By W. MARK HILTON, DVM
It may seem odd to discuss the spring breeding season in the middle of the winter, but what you do now can pay huge dividends come spring.
If you have open heifers to breed to calve at 22-24 months of age, there are things to do now to set them up for success. The old recommendation was to breed heifers at 65% of mature body weight. For a 1,400 pound cow – yes, that is likely the average for the Midwest – that is 910 pounds. That figure has been reduced to 58-60 percent of mature weight or 810-840 pounds. If you own a scale, now would be a great time to see how the heifers are doing. If they weigh 600 pounds on January 1 and you will breed them on June 15, they need to gain 240 pounds or about 1.5 pounds a day.. That should be quite easy with a ration of good quality hay, DDGS and a salt-vitamin-mineral mix with Rumensin. The key is to have them gaining weight in the month before breeding.
What we do not want is for the heifers on 1/1/24 to weigh below 500 pounds or over 700 pounds. The lightweight heifers will need a much higher energy ration to make it to the target, but the heavy heifers also present a problem.
Research at Purdue University and the University of Wyoming looked at heifers that were developed on a higher plane of nutrition during the winter and then had reduced energy intake closer to breeding. The results showed a significantly reduced conception rate compared to heifers that were grown more slowly and gaining near breeding.
If these overdeveloped heifers are turned out to grass a month or so before breeding and get no supplemental feed, they can actually lose weight due to the extremely high moisture content in spring grass.

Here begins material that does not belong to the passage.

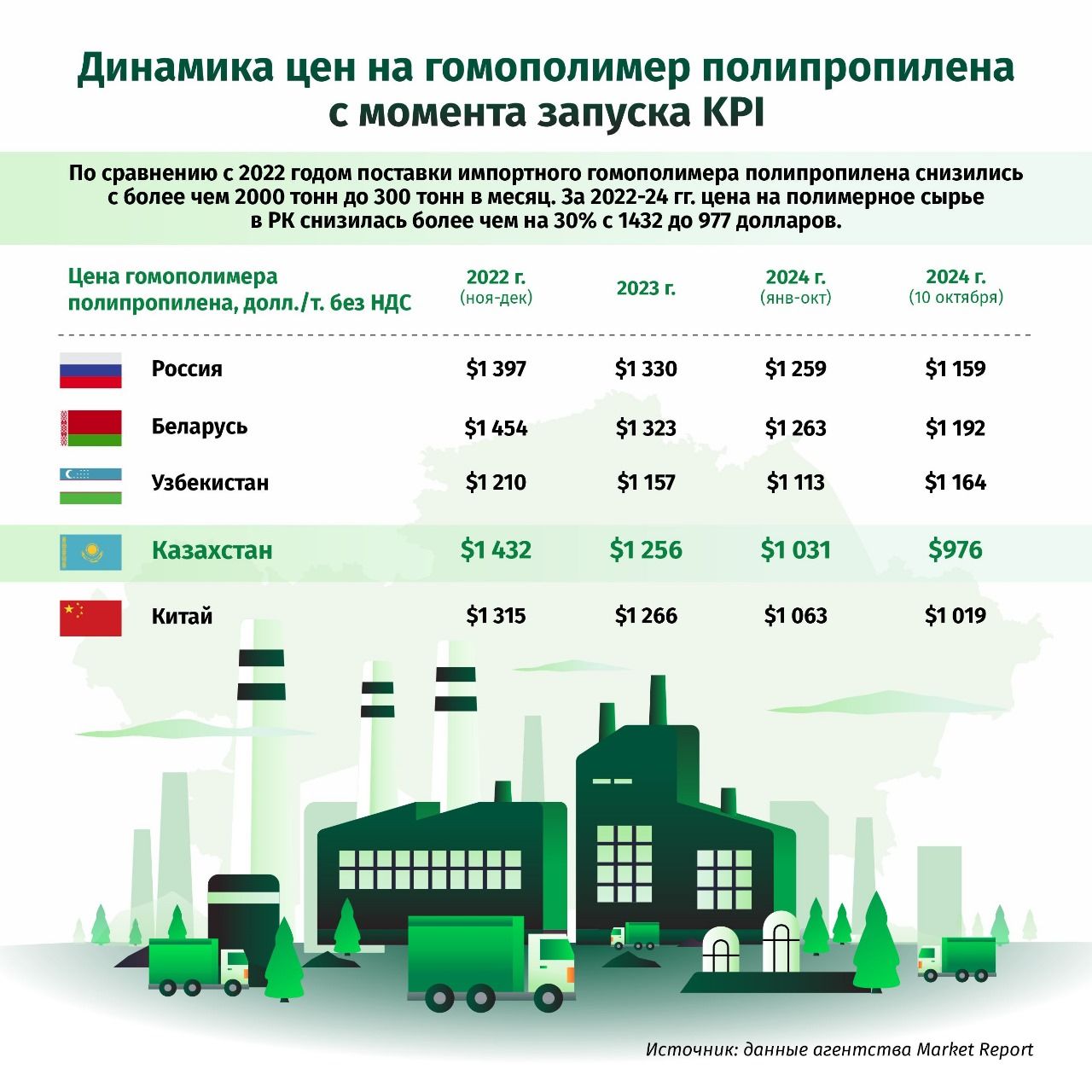 Эффект KPI: цены на полимеры в РК достигли минимума среди стран региона 3459123 — Kapital.kz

If your heifers are too heavy right now and you are not breeding for a few months, kick them out on a cornfield that has been harvested and let them ‘survive’ for a month or so. Weigh them as they come off the crop residue grazing and figure a target gain to get them to 60 percent of mature body weight at breeding. Your nutritionist, extension educator or herd heath veterinarian should be able to help you formulate a balanced ration to help you hit your target for percent pregnant.
Speaking of targets, research done in Texas showed that a heifer that conceived in the first 21 days of the breeding season had a ROI (return on investment) of 10.7 percent. Those that conceived in the second and third 21-day periods had a ROI of -0.4 and -2.8 percent respectively. This and many other studies suggest that we should breed heifers for only 30-42 days. A late calving heifer becomes a late calving cow or an open cow and neither is good for your business.
In a typical herd, the nursing 2-year-olds have the highest percent open females. The top two reasons are (1) heifers calving late in their first year which we discussed above and (2) heifers calving too thin. Bred heifers are still growing and need more energy and protein than mature cows. Having them a bit ‘fleshy’ (target is Body Condition Score 6.5-7.0 at calving) gives them a bit of reserve so they don’t have to gain as many pounds post calving. I always encourage producers to ‘find a friend’ to Body Condition Score their cows. The owner sees their own cows too often and may not see them as too thin or too fat.
Bred heifers should not be fed with mature cows for three reasons. First, they have different nutrient needs as discussed previously. Second, mature cows will dominate the heifers and cause the heifers to eat less than they need (when they actually need more than the mature cows) and lastly if heifers and cows are wintered together neonatal calf disease increases by 3 times.
A goal of 95 percent pregnant females in 65 days with 65 percent of calves born by day 21 is an achievable goal. Having heifers developed correctly is a top priority in achieving reproductive efficiency.